Flou électoral au Cameroun

Les Camerounais sont invités, dimanche, à se rendre aux urnes pour élire leurs députés et leurs conseillers municipaux. Sans grande surprise, le vote devrait reconduire la majorité actuelle. L’organisation du scrutin fait naître des doutes chez les observateurs internationaux.

Dimanche prochain, les Camerounais sont invités à se rendre aux urnes pour élire les 180 députés de l’Assemblée nationale et les 384 conseillers municipaux du pays. Sans grande surprise, ces élections devraient sanctionner la victoire du Rassemblement démocratique du peuple camerounais (RDPC), le parti au pouvoir. Un pronostic confirmé par les observateurs internationaux, de plus en plus soupçonneux quant à la transparence du scrutin.

La mise en commun des deux élections, tout d’abord, n’est pas pour faciliter la mission des envoyés des Nations Unies et du Commonwealth chargés de surveiller le vote. Quant à l’Observatoire national des élections (Onel), son impartialité laisse place au doute. L’organisme est constitué de personnalités nommées par le pouvoir et présidé par un proche du président. Enfin, des Ong indépendantes, comme Transparency international, n’ont pas obtenu l’accréditation nécessaire du ministère de l’Administration territoriale pour participer à l’observation du scrutin.

Deux bulletins pour un parti

Malgré les protestations des membres de l’opposition, qui ont vivement critiqué l’opacité de ces élections, la campagne a eu lieu. Les deux principaux partis, le RDPC (116 sièges dans l’Assemblée sortante) et le SDF (Social democratic front, 43 sièges) ont dominé les débats.
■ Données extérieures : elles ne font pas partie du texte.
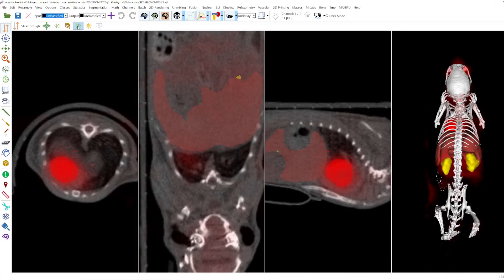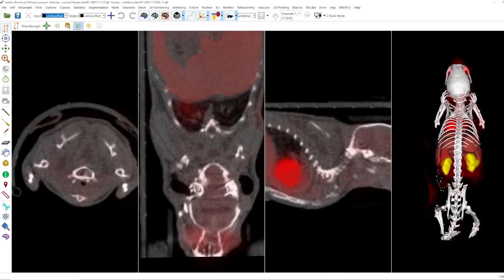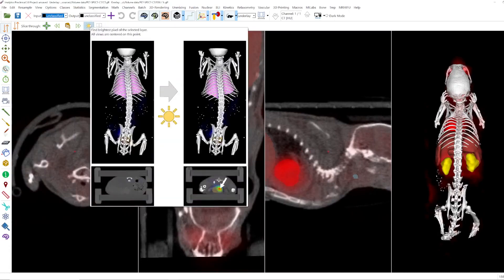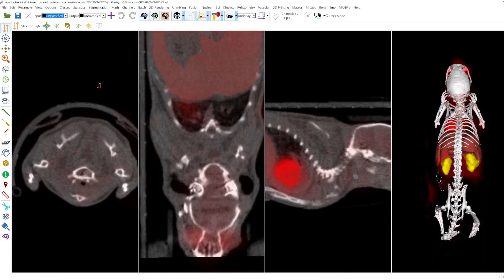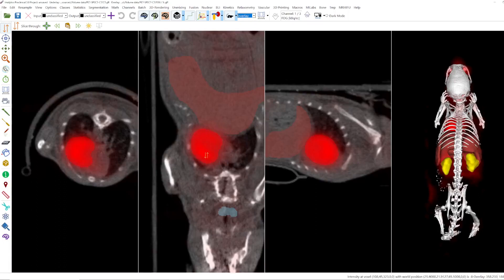And with this button here you can jump 10 slices up. With the button symbolized by the sun you can find the brightest voxel of the selected layer, and all 2D views are centered at this point. For example for the underlay we have a voxel here inside the bone, and if I now choose the overlay we go to a very bright voxel inside the heart.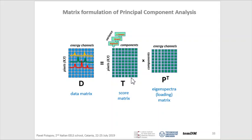So in fact we have represented our matrix as a multiplication of two matrices: a loadings matrix and a scores matrix. We have performed the principal component decomposition. Each eigenspectrum and its contribution forms a so-called principal component. It's also quite important to sort principal components according to some principle. In PCA, we sort them according to data variance in scores — at first place we put the principal component with the highest variance of score, then lower variance, still lower, and so on.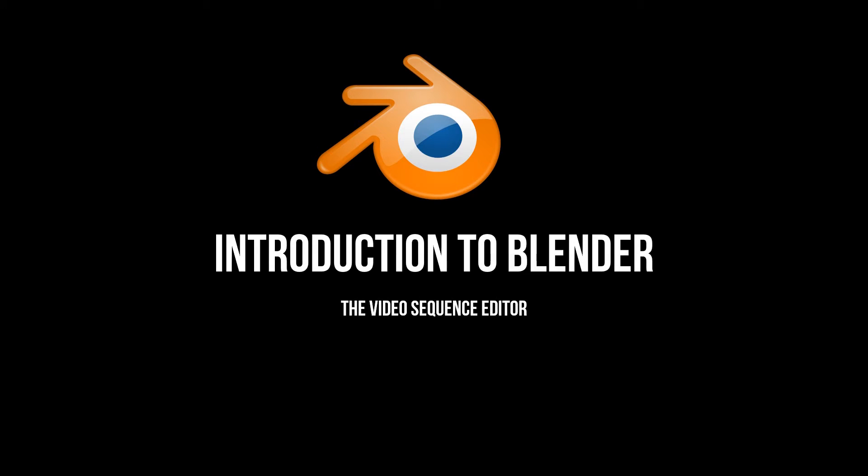Hello, we will now look at video editing in Blender. I probably know what you're thinking - yes, Blender can be used as an actual video editor to edit and produce not only your final rendered animations but also your home videos.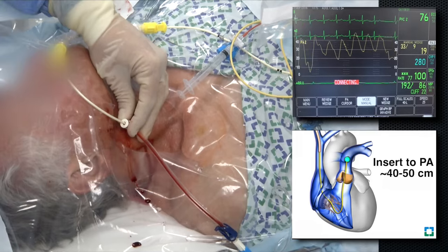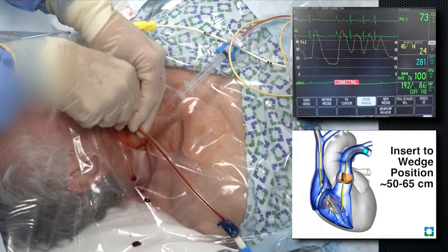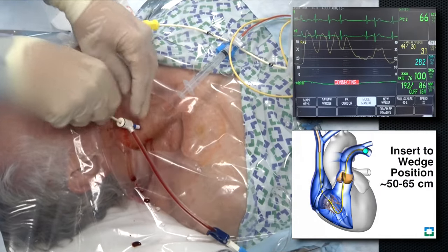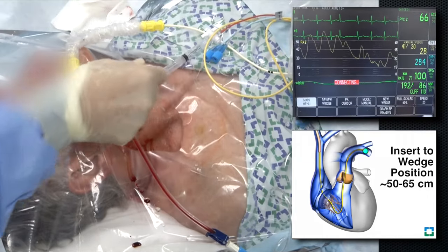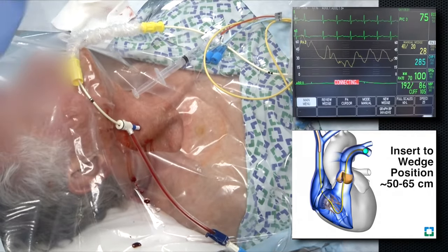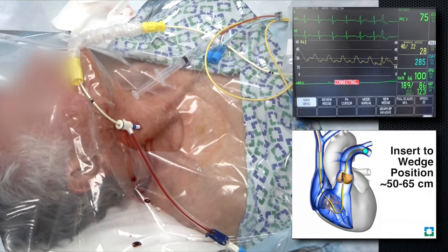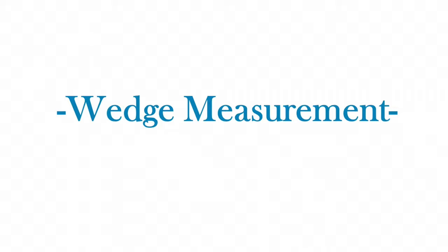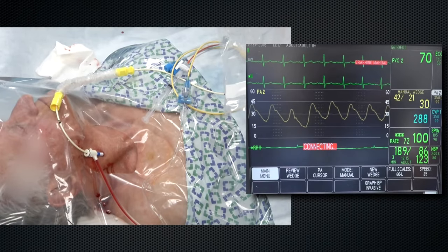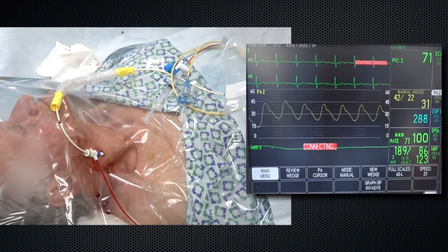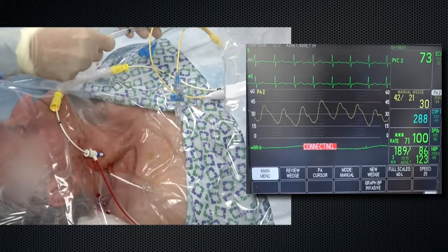When necessary, the PA catheter may also be advanced under direct fluoroscopic guidance. The catheter is advanced with the balloon up in the pulmonary artery until the pulmonary artery waveform diminishes and a wedged waveform is obtained. At this point, it is important to passively deflate the balloon to avoid complications. After obtaining accurate pulmonary artery pressures, a pulmonary artery occlusion pressure or wedge pressure may be obtained. Before inflating the catheter balloon, confirm a pulmonary artery catheter waveform on your monitor.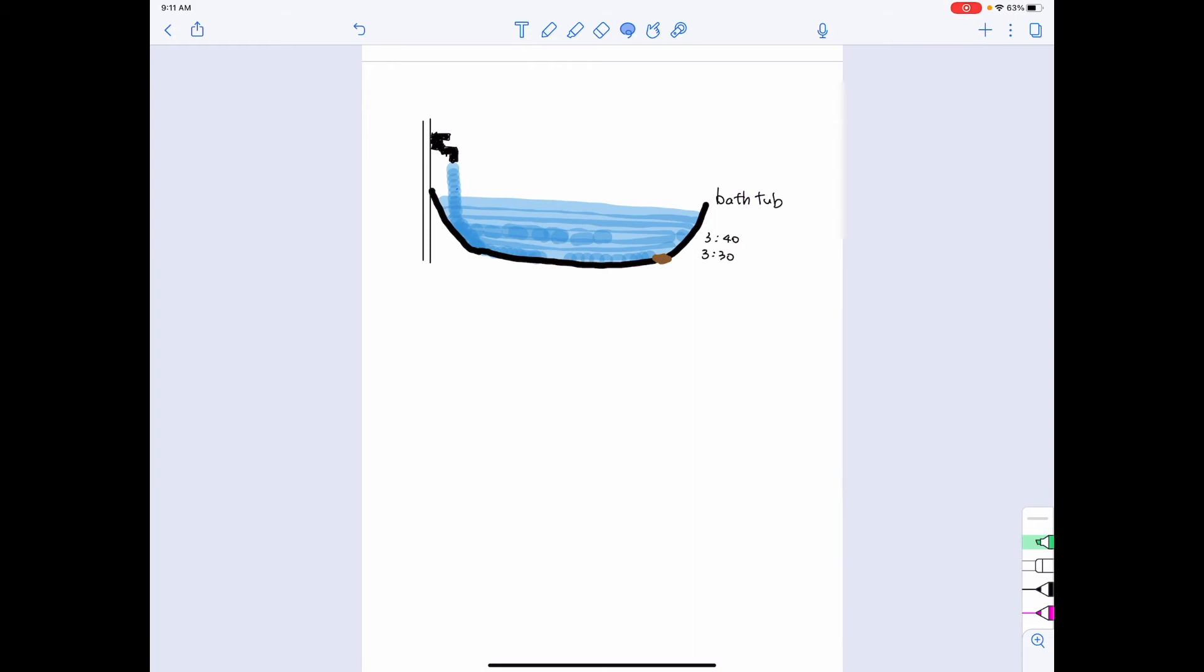So we call the water flowing into the bathtub a flow. At a specific period of time, how much water is flowing into the bathtub? For example, one liter in one minute. And the stock concept is the amount of water that has been accumulated by a certain time. For example, in here we say that by 3:40 the water that is accumulated in the bathtub is about this level in here. So this is the difference between the flow and the stock.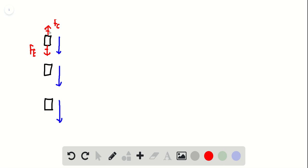But since these forces are balanced, it's not accelerating. There it is: you've got an upward force the cable is exerting, and the earth exerts a downward force.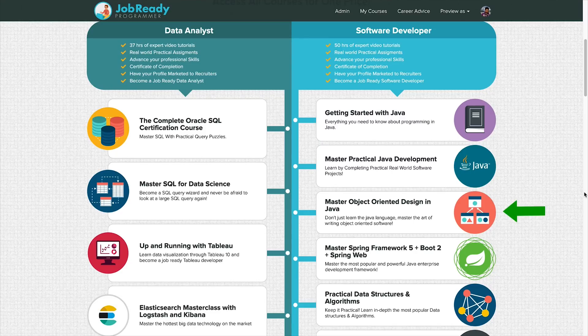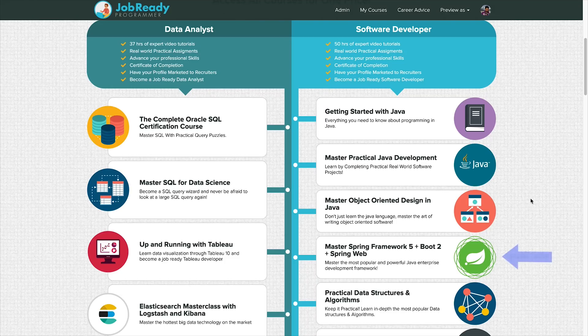Next, you need to learn about object-oriented design — crucial for Java or really any object-oriented programming language such as Python or Ruby. You need to know how to design your classes so that they are extensible, modular, and decoupled. I've got a course called Master Object-Oriented Design that specifically targets the five SOLID principles, which will help you write really good software, as well as design patterns that are common in the industry.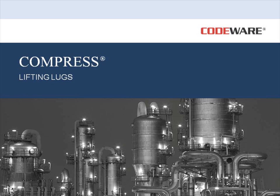Welcome to this short video highlighting the lifting lug feature in Compress. Today I want to go over the different types of lifting lugs that are available to you in the program. So let's get started.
Mais, selon Le Messager, les électeurs comprendraient mal l’absence des candidats du SDF de certaines circonscriptions (le Wouri, la Sanaga-Maritime, le Nyong et le Kéllé) où il aurait pu s’imposer face au RDPC. L’impression de devoir reconduire le parti au pouvoir provoquerait la colère des Camerounais.

La semaine dernière, le Southern Cameroon National Council, le parti de la minorité des deux provinces anglophones du pays, a appelé au boycott des élections. Selon ses représentants :  » les dés sont jetés d’avance « . Il réclame toujours la sécession des provinces du sud-ouest et du nord-ouest, et continue de dénoncer la discrimination dont sont victimes les Camerounais anglophones.